Bac to the Great Pueblo period (Pueblo V) which was doing well until 1276 when the tremendous drought along with the problem they created for themselves (timber and game) caused a major decline in their culture. The began to abandon these great places we treasure today as our national monuments. Evidence indicates man places the ‘ancient ones’ migrated to. However, NONE are for certain. Along the Rio Grande, up on the Hopi Mesas, many places of refuge are possible. Many Farms…
The longest continuously inhabited community in the United States is Old Oraibi. Active since 1100 A. D., Orabi has been challenged by Acoma, New Mexico as the oldest. The evidence points to Orabi.
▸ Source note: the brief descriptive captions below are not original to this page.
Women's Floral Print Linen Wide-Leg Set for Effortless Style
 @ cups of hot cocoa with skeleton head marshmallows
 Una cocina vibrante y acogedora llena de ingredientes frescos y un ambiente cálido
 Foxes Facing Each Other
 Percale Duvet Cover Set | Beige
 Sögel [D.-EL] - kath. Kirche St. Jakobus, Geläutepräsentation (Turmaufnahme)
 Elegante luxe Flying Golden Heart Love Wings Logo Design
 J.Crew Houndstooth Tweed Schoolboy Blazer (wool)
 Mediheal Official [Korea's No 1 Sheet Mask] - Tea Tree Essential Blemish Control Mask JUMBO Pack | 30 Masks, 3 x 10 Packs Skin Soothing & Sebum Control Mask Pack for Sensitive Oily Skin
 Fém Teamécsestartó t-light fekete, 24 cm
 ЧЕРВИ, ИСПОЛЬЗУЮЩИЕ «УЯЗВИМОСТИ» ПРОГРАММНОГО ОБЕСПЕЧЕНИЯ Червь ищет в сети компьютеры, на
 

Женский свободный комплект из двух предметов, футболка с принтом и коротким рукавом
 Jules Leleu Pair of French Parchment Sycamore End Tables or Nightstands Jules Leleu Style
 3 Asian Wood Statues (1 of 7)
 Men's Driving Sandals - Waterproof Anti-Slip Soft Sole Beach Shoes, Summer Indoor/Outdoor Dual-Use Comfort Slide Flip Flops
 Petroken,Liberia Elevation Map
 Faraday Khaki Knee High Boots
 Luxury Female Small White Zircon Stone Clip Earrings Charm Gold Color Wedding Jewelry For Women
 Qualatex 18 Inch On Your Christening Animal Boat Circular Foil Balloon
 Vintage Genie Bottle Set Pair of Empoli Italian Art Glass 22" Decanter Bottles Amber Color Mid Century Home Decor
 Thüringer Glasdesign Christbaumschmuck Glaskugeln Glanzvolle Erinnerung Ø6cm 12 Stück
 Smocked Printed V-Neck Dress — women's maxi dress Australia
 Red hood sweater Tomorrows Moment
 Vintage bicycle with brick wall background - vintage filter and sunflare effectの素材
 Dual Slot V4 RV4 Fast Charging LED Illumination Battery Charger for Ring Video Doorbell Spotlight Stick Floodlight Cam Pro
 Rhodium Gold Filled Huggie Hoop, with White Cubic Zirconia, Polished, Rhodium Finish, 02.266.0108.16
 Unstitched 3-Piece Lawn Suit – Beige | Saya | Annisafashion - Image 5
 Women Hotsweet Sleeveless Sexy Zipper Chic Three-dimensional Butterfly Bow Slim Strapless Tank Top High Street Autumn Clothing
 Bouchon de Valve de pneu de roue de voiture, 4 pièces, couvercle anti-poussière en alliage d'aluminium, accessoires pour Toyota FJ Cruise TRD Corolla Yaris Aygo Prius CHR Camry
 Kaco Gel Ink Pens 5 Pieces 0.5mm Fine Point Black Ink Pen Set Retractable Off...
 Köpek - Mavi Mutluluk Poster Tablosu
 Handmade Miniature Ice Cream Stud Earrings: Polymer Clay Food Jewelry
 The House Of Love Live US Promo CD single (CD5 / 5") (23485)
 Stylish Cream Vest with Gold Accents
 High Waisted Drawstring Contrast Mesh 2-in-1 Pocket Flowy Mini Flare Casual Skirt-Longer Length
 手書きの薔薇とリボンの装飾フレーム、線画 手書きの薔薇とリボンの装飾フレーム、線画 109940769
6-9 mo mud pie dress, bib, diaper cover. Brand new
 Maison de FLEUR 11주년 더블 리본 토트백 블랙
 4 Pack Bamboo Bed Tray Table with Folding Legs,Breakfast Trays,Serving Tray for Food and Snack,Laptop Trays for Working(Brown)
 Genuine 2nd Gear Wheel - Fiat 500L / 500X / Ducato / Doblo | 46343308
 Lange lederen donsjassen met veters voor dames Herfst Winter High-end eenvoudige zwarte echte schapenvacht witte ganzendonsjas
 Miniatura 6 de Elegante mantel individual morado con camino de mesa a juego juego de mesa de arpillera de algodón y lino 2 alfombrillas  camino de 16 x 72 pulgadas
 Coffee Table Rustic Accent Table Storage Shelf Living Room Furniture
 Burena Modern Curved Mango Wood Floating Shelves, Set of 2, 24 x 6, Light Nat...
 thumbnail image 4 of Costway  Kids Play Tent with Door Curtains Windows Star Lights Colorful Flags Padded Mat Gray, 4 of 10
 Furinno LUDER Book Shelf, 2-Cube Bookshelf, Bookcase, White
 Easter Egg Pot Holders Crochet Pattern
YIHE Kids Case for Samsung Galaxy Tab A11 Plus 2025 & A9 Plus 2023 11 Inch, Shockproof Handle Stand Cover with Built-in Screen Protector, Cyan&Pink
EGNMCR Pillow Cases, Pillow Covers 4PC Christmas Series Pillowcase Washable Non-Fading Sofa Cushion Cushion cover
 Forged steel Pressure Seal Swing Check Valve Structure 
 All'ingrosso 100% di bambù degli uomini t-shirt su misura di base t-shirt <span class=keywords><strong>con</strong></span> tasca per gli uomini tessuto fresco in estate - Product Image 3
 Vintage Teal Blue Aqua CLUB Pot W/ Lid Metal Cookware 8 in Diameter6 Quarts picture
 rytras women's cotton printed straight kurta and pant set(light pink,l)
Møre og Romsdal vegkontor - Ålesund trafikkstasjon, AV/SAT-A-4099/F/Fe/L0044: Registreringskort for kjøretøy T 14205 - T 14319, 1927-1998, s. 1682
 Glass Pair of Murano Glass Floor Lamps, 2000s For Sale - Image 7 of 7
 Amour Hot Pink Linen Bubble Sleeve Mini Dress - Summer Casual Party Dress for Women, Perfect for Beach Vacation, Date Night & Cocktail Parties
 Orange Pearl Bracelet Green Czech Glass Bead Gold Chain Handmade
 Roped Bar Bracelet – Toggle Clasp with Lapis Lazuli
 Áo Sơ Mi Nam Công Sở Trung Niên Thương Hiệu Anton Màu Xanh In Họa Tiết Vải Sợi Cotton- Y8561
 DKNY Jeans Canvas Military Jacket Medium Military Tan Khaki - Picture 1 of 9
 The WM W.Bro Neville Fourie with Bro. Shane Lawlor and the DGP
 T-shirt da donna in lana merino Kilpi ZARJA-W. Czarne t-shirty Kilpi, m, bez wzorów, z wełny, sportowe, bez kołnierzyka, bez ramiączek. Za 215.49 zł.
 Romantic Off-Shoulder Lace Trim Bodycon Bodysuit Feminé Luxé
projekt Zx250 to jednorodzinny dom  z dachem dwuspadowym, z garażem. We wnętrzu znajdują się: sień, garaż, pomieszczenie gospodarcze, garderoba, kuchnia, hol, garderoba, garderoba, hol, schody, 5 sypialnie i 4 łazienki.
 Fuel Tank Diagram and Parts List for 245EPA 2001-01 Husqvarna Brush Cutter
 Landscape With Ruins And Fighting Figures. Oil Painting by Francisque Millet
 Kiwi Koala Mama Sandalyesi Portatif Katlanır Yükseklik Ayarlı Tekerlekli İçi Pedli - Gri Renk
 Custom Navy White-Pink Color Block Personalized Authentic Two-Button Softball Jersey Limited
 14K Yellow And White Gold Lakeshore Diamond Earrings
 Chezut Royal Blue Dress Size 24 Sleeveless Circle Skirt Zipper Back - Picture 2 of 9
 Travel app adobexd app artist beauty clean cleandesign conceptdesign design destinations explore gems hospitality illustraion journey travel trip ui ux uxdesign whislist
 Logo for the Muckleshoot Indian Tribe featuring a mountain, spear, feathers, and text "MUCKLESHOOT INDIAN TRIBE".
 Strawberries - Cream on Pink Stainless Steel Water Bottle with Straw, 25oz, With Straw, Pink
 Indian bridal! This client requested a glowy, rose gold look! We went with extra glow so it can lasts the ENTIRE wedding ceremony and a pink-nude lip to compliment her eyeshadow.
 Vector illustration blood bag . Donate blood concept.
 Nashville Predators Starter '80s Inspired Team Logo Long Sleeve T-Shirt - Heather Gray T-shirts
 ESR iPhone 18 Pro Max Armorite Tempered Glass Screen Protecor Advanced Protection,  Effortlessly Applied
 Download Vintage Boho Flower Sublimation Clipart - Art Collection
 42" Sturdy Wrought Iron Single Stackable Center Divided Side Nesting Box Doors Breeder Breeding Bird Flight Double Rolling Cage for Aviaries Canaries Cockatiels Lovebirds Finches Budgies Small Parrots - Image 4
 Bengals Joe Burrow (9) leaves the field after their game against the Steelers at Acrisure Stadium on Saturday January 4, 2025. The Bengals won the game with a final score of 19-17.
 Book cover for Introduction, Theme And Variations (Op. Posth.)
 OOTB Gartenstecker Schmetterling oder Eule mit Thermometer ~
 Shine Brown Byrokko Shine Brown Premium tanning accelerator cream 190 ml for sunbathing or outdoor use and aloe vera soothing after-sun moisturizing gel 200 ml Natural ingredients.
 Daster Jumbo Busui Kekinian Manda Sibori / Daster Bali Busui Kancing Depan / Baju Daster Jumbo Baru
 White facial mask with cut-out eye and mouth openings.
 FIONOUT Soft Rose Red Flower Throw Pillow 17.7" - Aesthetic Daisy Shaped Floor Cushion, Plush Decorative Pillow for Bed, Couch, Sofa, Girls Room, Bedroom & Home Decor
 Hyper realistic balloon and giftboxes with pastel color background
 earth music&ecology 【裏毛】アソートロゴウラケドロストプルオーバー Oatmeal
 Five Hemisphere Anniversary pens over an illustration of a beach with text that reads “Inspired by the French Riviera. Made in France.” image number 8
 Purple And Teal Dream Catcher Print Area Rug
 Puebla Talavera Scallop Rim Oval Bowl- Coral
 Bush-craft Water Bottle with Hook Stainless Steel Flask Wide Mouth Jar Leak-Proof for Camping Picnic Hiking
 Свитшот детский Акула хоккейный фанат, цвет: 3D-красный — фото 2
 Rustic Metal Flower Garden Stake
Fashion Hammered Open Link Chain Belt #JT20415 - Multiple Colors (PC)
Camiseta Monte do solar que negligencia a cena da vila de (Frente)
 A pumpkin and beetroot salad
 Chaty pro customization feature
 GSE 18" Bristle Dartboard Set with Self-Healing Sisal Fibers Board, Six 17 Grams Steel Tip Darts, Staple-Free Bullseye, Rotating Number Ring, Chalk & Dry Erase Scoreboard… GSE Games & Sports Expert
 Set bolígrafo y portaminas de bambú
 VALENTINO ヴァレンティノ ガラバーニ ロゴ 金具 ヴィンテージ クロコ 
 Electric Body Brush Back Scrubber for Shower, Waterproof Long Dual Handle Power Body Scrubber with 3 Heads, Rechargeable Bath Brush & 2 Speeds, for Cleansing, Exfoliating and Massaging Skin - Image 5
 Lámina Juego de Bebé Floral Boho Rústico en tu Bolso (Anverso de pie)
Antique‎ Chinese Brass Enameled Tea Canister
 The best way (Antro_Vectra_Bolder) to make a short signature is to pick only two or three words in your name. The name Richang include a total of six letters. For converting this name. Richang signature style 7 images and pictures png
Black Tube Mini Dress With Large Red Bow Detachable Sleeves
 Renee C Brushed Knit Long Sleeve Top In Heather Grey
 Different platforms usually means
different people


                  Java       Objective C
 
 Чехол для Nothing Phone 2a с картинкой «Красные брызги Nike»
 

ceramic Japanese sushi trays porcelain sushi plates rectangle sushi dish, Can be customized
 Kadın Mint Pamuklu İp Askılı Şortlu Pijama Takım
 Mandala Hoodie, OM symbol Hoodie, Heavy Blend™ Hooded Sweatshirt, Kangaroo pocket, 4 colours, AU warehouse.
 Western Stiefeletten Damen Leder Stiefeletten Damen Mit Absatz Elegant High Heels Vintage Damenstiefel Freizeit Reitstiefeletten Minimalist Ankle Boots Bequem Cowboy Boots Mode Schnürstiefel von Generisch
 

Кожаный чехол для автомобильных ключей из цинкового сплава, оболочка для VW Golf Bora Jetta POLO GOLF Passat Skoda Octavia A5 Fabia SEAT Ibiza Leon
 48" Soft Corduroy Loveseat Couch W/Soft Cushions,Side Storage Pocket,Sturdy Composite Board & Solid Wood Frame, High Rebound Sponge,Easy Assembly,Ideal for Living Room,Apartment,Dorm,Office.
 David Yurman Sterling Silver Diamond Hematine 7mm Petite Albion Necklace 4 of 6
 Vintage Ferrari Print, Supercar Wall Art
The Spanish put the sword to folks living at Acoma and there was a period of four to five years it was uninhabited. Survivors from Acoma retreated to Laguna finally returning in the 1600s. We can be certain about that because of the historical records from the Spanish Mission period of their building churches and proselyting the Indians.
Acoma’s mission standing today was but initially in 1610 and survived the great Pueblo Revolt of 1680 due to the Indians using the church as a fortress. …an interesting dichotomy!
The priests required the Indians to carry the massive pine logs from Mt. Taylor (New Mexico’s tallest peak) some thirty five miles away. Four of these logs have great religious significance and were and were not allowed to touch the ground at any time including the carving and installation in the church altar. Most of these historical logs are in use today and this scenario is repeated in many of the missions in the southwest.
For more than two centuries, the Spaniards, who concentrated their settlements, farms, and ranches in the upper Rio Grande Valley, dominated New Mexico, except for a period from 1680 to about 1693, when the Pueblo Indians temporarily regained control of the region.
BACK TO THE MARSH AND GARY SHOW
Departing June 15th, 1988 for Montezuma Castle, Yavapai Cultural Center, Walnut Canyon, Sunset Crater and Wupatki National Monument, we were in a caravan of four community college vans driven by Marsh Trimble, Gary Shaffer, Marge Black, and Bob Burke.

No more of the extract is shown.